**Problem description**.
The answer is to be the data below, written out in full and exactly.
Task inputs Block Start
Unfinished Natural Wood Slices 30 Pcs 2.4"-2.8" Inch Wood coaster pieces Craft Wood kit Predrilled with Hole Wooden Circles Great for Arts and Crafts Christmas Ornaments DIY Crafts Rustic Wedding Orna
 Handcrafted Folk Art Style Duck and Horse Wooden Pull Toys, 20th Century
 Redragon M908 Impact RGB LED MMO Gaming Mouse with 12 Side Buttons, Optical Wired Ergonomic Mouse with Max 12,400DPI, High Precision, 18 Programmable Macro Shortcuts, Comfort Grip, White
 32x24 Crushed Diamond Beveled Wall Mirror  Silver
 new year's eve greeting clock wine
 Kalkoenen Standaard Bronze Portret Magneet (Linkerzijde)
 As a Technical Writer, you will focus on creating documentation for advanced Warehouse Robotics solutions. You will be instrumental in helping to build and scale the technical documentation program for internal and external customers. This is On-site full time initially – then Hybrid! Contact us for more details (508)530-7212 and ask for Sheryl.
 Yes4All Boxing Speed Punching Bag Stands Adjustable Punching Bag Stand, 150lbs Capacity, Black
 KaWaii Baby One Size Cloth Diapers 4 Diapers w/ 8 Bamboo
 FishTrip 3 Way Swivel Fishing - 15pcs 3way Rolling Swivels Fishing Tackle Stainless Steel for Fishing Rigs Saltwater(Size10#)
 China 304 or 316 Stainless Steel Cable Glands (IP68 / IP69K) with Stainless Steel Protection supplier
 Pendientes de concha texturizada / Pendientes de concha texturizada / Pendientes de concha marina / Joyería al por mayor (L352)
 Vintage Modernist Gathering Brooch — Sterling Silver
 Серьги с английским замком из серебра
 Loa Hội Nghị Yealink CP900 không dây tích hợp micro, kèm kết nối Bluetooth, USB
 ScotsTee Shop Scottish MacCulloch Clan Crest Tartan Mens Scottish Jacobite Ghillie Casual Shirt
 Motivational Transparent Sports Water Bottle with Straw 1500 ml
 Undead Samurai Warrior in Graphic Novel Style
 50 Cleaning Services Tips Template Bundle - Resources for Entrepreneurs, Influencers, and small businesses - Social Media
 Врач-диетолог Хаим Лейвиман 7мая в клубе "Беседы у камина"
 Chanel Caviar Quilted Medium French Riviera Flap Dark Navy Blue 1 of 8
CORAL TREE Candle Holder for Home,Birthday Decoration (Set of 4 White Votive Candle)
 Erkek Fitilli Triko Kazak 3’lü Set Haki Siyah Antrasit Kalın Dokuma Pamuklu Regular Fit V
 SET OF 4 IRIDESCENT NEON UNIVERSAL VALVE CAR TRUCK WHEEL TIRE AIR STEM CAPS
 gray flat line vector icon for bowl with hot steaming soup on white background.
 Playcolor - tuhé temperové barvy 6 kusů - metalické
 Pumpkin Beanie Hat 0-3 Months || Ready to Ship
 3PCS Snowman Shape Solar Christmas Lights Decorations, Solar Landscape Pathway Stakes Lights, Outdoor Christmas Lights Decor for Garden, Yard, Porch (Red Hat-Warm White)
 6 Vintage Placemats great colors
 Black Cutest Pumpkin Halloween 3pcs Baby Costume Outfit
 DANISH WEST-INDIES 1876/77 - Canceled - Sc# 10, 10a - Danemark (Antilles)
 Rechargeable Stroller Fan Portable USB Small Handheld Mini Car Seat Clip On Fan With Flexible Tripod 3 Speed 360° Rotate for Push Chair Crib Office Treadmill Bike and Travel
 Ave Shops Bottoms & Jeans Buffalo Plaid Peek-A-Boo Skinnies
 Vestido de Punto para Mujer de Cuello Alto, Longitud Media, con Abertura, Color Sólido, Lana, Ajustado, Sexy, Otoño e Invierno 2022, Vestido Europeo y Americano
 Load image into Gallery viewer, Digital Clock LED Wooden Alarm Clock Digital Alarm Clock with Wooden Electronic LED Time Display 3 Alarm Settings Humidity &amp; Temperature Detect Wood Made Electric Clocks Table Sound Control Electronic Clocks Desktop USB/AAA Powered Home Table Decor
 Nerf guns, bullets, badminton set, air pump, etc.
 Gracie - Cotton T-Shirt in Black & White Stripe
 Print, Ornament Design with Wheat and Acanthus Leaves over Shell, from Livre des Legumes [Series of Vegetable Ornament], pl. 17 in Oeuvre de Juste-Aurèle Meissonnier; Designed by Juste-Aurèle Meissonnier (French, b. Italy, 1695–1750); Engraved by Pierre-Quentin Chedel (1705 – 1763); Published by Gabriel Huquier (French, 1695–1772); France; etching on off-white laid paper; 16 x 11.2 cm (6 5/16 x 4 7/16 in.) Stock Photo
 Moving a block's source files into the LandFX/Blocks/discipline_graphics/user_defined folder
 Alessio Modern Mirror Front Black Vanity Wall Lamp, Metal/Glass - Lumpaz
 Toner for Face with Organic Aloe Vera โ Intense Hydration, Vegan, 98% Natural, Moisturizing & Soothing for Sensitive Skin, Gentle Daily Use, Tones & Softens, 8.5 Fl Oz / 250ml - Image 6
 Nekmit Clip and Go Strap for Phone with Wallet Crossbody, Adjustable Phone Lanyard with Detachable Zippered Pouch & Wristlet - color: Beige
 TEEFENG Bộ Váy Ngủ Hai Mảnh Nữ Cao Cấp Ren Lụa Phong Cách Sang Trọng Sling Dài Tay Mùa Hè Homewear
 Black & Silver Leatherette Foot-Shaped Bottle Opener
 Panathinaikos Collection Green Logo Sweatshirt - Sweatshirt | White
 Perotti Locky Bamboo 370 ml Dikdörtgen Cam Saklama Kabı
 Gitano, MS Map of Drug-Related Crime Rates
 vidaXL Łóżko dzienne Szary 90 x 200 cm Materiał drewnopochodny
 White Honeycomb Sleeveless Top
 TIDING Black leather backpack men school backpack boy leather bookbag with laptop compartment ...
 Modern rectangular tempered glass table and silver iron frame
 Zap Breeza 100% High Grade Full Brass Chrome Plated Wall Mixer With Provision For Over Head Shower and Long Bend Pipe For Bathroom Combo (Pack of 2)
Task inputs Block End
**Task result**.
Unfinished Natural Wood Slices 30 Pcs 2.4"-2.8" Inch Wood coaster pieces Craft Wood kit Predrilled with Hole Wooden Circles Great for Arts and Crafts Christmas Ornaments DIY Crafts Rustic Wedding Orna
 Handcrafted Folk Art Style Duck and Horse Wooden Pull Toys, 20th Century
 Redragon M908 Impact RGB LED MMO Gaming Mouse with 12 Side Buttons, Optical Wired Ergonomic Mouse with Max 12,400DPI, High Precision, 18 Programmable Macro Shortcuts, Comfort Grip, White
 32x24 Crushed Diamond Beveled Wall Mirror  Silver
 new year's eve greeting clock wine
 Kalkoenen Standaard Bronze Portret Magneet (Linkerzijde)
 As a Technical Writer, you will focus on creating documentation for advanced Warehouse Robotics solutions. You will be instrumental in helping to build and scale the technical documentation program for internal and external customers. This is On-site full time initially – then Hybrid! Contact us for more details (508)530-7212 and ask for Sheryl.
 Yes4All Boxing Speed Punching Bag Stands Adjustable Punching Bag Stand, 150lbs Capacity, Black
 KaWaii Baby One Size Cloth Diapers 4 Diapers w/ 8 Bamboo
 FishTrip 3 Way Swivel Fishing - 15pcs 3way Rolling Swivels Fishing Tackle Stainless Steel for Fishing Rigs Saltwater(Size10#)
 China 304 or 316 Stainless Steel Cable Glands (IP68 / IP69K) with Stainless Steel Protection supplier
 Pendientes de concha texturizada / Pendientes de concha texturizada / Pendientes de concha marina / Joyería al por mayor (L352)
 Vintage Modernist Gathering Brooch — Sterling Silver
 Серьги с английским замком из серебра
 Loa Hội Nghị Yealink CP900 không dây tích hợp micro, kèm kết nối Bluetooth, USB
 ScotsTee Shop Scottish MacCulloch Clan Crest Tartan Mens Scottish Jacobite Ghillie Casual Shirt
 Motivational Transparent Sports Water Bottle with Straw 1500 ml
 Undead Samurai Warrior in Graphic Novel Style
 50 Cleaning Services Tips Template Bundle - Resources for Entrepreneurs, Influencers, and small businesses - Social Media
 Врач-диетолог Хаим Лейвиман 7мая в клубе "Беседы у камина"
 Chanel Caviar Quilted Medium French Riviera Flap Dark Navy Blue 1 of 8
CORAL TREE Candle Holder for Home,Birthday Decoration (Set of 4 White Votive Candle)
 Erkek Fitilli Triko Kazak 3’lü Set Haki Siyah Antrasit Kalın Dokuma Pamuklu Regular Fit V
 SET OF 4 IRIDESCENT NEON UNIVERSAL VALVE CAR TRUCK WHEEL TIRE AIR STEM CAPS
 gray flat line vector icon for bowl with hot steaming soup on white background.
 Playcolor - tuhé temperové barvy 6 kusů - metalické
 Pumpkin Beanie Hat 0-3 Months || Ready to Ship
 3PCS Snowman Shape Solar Christmas Lights Decorations, Solar Landscape Pathway Stakes Lights, Outdoor Christmas Lights Decor for Garden, Yard, Porch (Red Hat-Warm White)
 6 Vintage Placemats great colors
 Black Cutest Pumpkin Halloween 3pcs Baby Costume Outfit
 DANISH WEST-INDIES 1876/77 - Canceled - Sc# 10, 10a - Danemark (Antilles)
 Rechargeable Stroller Fan Portable USB Small Handheld Mini Car Seat Clip On Fan With Flexible Tripod 3 Speed 360° Rotate for Push Chair Crib Office Treadmill Bike and Travel
 Ave Shops Bottoms & Jeans Buffalo Plaid Peek-A-Boo Skinnies
 Vestido de Punto para Mujer de Cuello Alto, Longitud Media, con Abertura, Color Sólido, Lana, Ajustado, Sexy, Otoño e Invierno 2022, Vestido Europeo y Americano
 Load image into Gallery viewer, Digital Clock LED Wooden Alarm Clock Digital Alarm Clock with Wooden Electronic LED Time Display 3 Alarm Settings Humidity &amp; Temperature Detect Wood Made Electric Clocks Table Sound Control Electronic Clocks Desktop USB/AAA Powered Home Table Decor
 Nerf guns, bullets, badminton set, air pump, etc.
 Gracie - Cotton T-Shirt in Black & White Stripe
 Print, Ornament Design with Wheat and Acanthus Leaves over Shell, from Livre des Legumes [Series of Vegetable Ornament], pl. 17 in Oeuvre de Juste-Aurèle Meissonnier; Designed by Juste-Aurèle Meissonnier (French, b. Italy, 1695–1750); Engraved by Pierre-Quentin Chedel (1705 – 1763); Published by Gabriel Huquier (French, 1695–1772); France; etching on off-white laid paper; 16 x 11.2 cm (6 5/16 x 4 7/16 in.) Stock Photo
 Moving a block's source files into the LandFX/Blocks/discipline_graphics/user_defined folder
 Alessio Modern Mirror Front Black Vanity Wall Lamp, Metal/Glass - Lumpaz
 Toner for Face with Organic Aloe Vera โ Intense Hydration, Vegan, 98% Natural, Moisturizing & Soothing for Sensitive Skin, Gentle Daily Use, Tones & Softens, 8.5 Fl Oz / 250ml - Image 6
 Nekmit Clip and Go Strap for Phone with Wallet Crossbody, Adjustable Phone Lanyard with Detachable Zippered Pouch & Wristlet - color: Beige
 TEEFENG Bộ Váy Ngủ Hai Mảnh Nữ Cao Cấp Ren Lụa Phong Cách Sang Trọng Sling Dài Tay Mùa Hè Homewear
 Black & Silver Leatherette Foot-Shaped Bottle Opener
 Panathinaikos Collection Green Logo Sweatshirt - Sweatshirt | White
 Perotti Locky Bamboo 370 ml Dikdörtgen Cam Saklama Kabı
 Gitano, MS Map of Drug-Related Crime Rates
 vidaXL Łóżko dzienne Szary 90 x 200 cm Materiał drewnopochodny
 White Honeycomb Sleeveless Top
 TIDING Black leather backpack men school backpack boy leather bookbag with laptop compartment ...
 Modern rectangular tempered glass table and silver iron frame
 Zap Breeza 100% High Grade Full Brass Chrome Plated Wall Mixer With Provision For Over Head Shower and Long Bend Pipe For Bathroom Combo (Pack of 2)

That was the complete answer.